* Provided material *
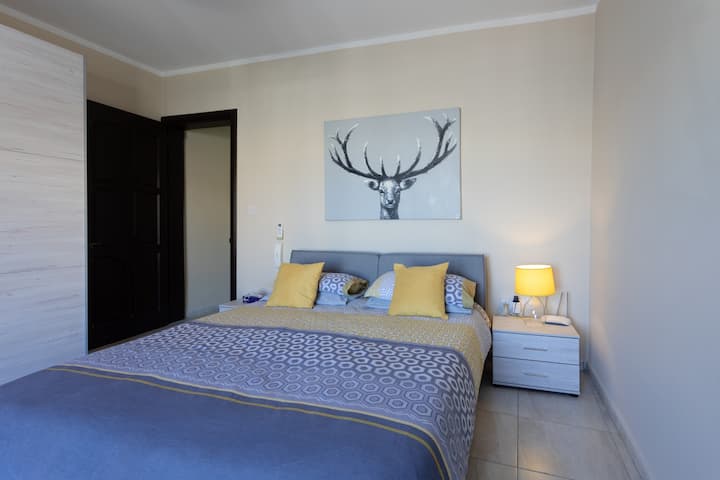 卧室2 ： 2米宽双人床/空调/阳台可欣赏海景 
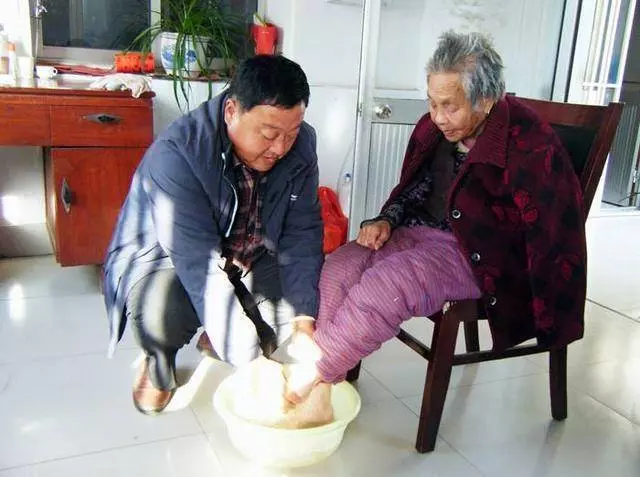 婆婆再婚遠嫁3年沒聯繫,兒媳擔心去婆婆家,推開門,如遭雷擊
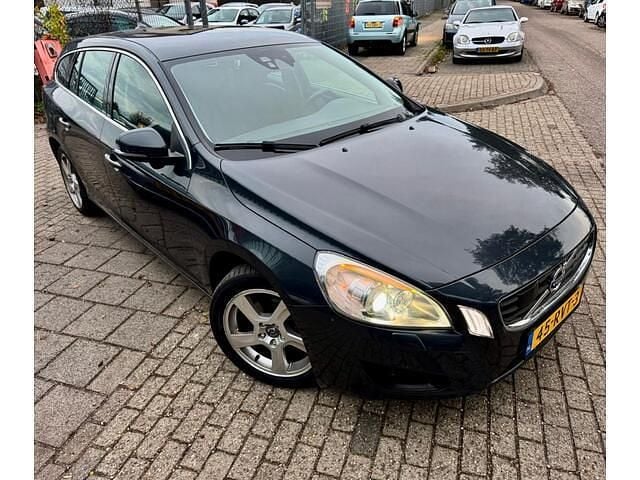 Grijs Gebruikt 2011 Volvo V60 Momentum Stationwagen | € 7.950 (Super prijs) - Afbeelding 1/4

* What the task requires *
Write out the material above exactly, and omit the pictures it holds.

* Task result *
 卧室2 ： 2米宽双人床/空调/阳台可欣赏海景 
 婆婆再婚遠嫁3年沒聯繫,兒媳擔心去婆婆家,推開門,如遭雷擊
 Grijs Gebruikt 2011 Volvo V60 Momentum Stationwagen | € 7.950 (Super prijs) - Afbeelding 1/4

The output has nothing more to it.